Construction work will continue to be partly automated, though I think some of the more manual work will stay for a while until bipedal or more specialized robots become very affordable and also very durable. The military will keep most of its humans, though drones and robots will form the vanguard, and shattered technology will litter the center of every battlefield. In space, our pioneers are already robots- and that’s a good thing! Clothing is approaching the point where clothes can be woven and sewn by one machine, allowing for almost complete automation of fashion.

Some more interesting professions that lose out would be prostitutes (sex bots– don’t shake your head, you know it’s going to happen…has, actually) and even sports, where more risk can be had with players piloting robots remotely, and thus smaller teams (okay, that one’s stretching it, I’ll admit).

And before all of the above finishes happening, we will see backlash…

We see it even now. Some of the tech industry’s luminaries are weighing in on AI, and not positively. Elon Musk and Stephen Hawking worry about Artificial General Intelligence displacing us. The military has worried about it (as it should, being an organization tasked with spotting threats within trends), even as it works toward advanced AI applications. The general public worries over mundane advances such as AlphaGo, oblivious to the threats to the job sector, still thinking that trade policies can fix what is essentially a completely different issue.

My own thoughts here are that some countries will enact some laws barring AI to protect workers. Some will allow for the automation and deal with whatever consequences may come, adapting more or less successfully. Many countries are going to get steam-rolled, sadly, and that’s going to lead to a lot of other bad things. Suffering economies with idle populations don’t usually sit still for long before the blood starts to run. Old tensions buried by economic good times will rise to the surface, and civil wars will break out, borders will get crossed, and more than a couple of governments are ripe for a fall. What replaces them might be very reactionary, and more horrible than what may have proceeded them. Some areas may simply disintegrate into lawlessness (Mel Gibson may make an appearance here and there to help small communities being threatened by hockey-mask-wearing sociopaths in muscle cars).

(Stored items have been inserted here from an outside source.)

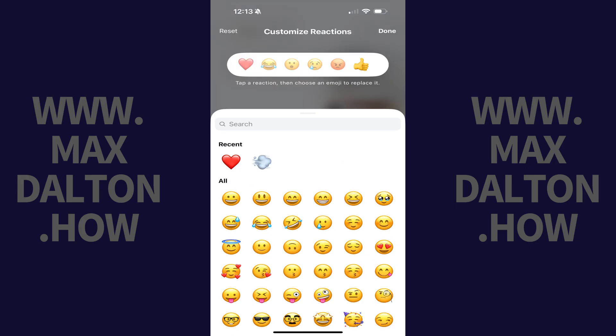The screen changes to a Customize Reactions menu. Step 5: Tap to select the first item in your current reaction menu, which is your double-tap reaction. Now tap to choose the reaction emoji you want to replace it with. In this example, I'll choose to replace it with a goofy smiley face.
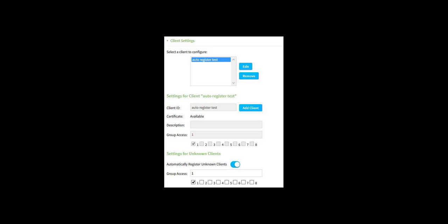Note that in this case, the client ID named "auto-register test" only has access to group 1. This is because group 1 is the only group that is checked at the bottom within the auto-register settings. If, for example, only group 2 was checked instead, we would expect to see only group 2 checked for group access for the client ID named "auto-register test".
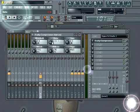The ratio sets the amount of compression. A 1 to 1 ratio means that for every 1 dB above the threshold, 1 dB will pass. So if it is 10 dB above the threshold, 10 dB will pass. If the ratio is set to 5 to 1, then for every 5 dB above the threshold, only 1 will pass.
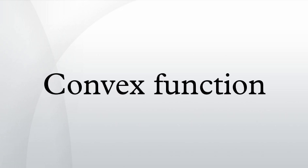The function |x|^p for 1 ≤ p is convex. The exponential function is convex.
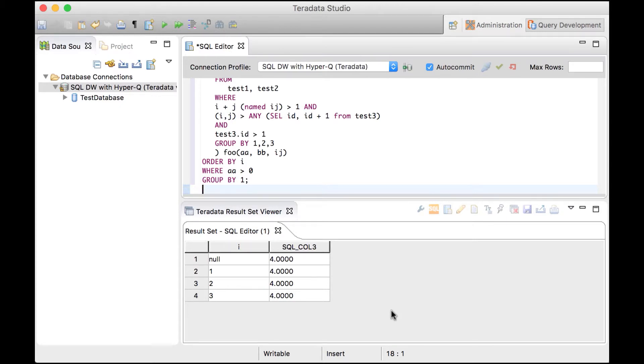Executing the query on SQL DW has completed and the results have been sent back to Teradata Studio, translated back into Teradata format by HyperQ.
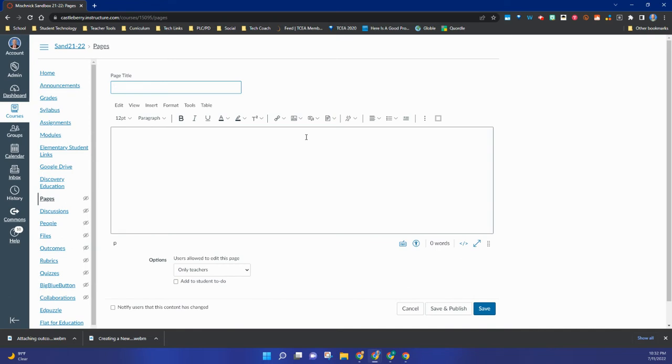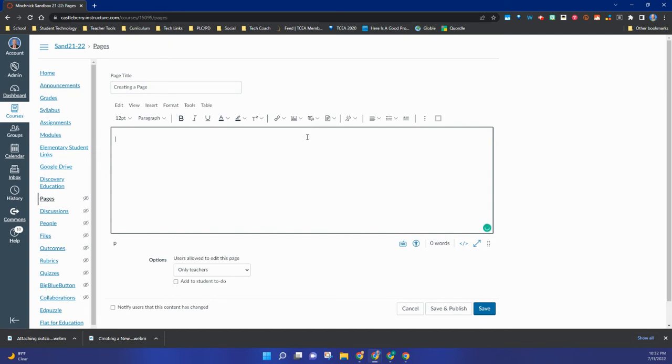And you can see you have a nice clean slate to start with. So I'm going to go ahead and name my page at the top, and then in the instructions area I can put just about anything I want.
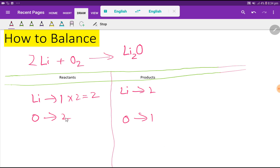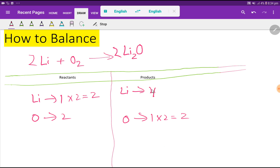Now we have to balance the oxygen. On the left the number of oxygen is two, but on the right it is one. To balance the oxygen, I can multiply here by two, which gives me two. These two must come before this oxygen. But if I place that coefficient, the number of lithium becomes two times two, which is four.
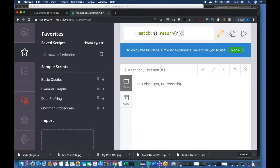So next time you can use this query directly from there. This is how it works. If you have some other queries, you can do it the same way.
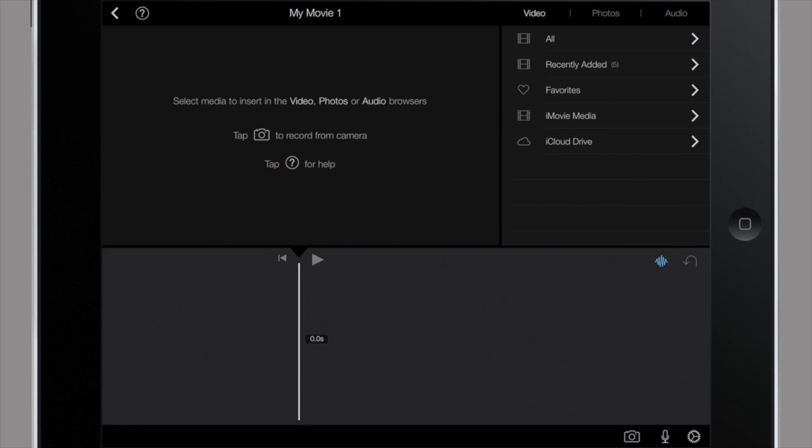Alright everyone, this is iMovie in two minutes or less. So when you get into iMovie on iPad, you're going to see three different windows.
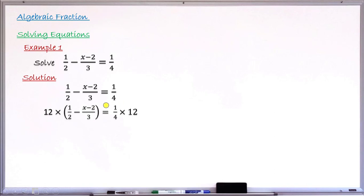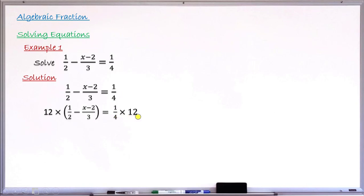Step two says multiply both sides of the equation by the LCM. So the left hand side times 12: 12 times the bracket containing the left hand side, equals the right hand side 1/4 multiplied by 12. 12 is the LCM of 2, 3, and 4.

But it’s not all doom-and-gloom!

Mostly, however, I think the economies of the world will adapt to more regional and local economies, opting into the mass-produced cheap products at will, while relying on more personalized products for the majority of life’s needs. Even now, outdoor companies are leaning towards more sustainable, more costly, but very durable clothing. Designed to last decades rather than a year, customers pay more to get more. Using the same technology that put many out of work, local economies can fight back on an even footing by churning out higher-quality products created locally, and more personalized.

Even cities, which currently are completely dependent on surrounding farming and industrial output for survival, can become more resilient to economic or other collapse. Advances in farming and manufacturing allow the placement of food and other product sources within cities themselves, allowing them to feed their populations from within for most foods. Energy sources are moving to renewable, and grids will eventually become more decentralized, making widespread outages a thing of the past, and energy something that your own building would generate.

Don’t even get me started on what medicine will be like. AI will revolutionize it, to the benefit of everyone.

Getting from here to there safely…

There’s a lot of debate about the pros and cons of AI and robotics, and there’s way too many moving parts to this debate to cover here in one blog post. I will say this though: As in all things, careful thought and consideration needs to be taken. Uncontrolled deployment of robotics and AI will bring about some nasty consequences. We have to be smart shoppers about this, and not only allow AI and robotics to advance, but also respond accordingly.

Sitting on our hands is no option, and neither is being reactionary and throwing the baby out with the bath water…

We need to advance AI, and we need to do it responsibly.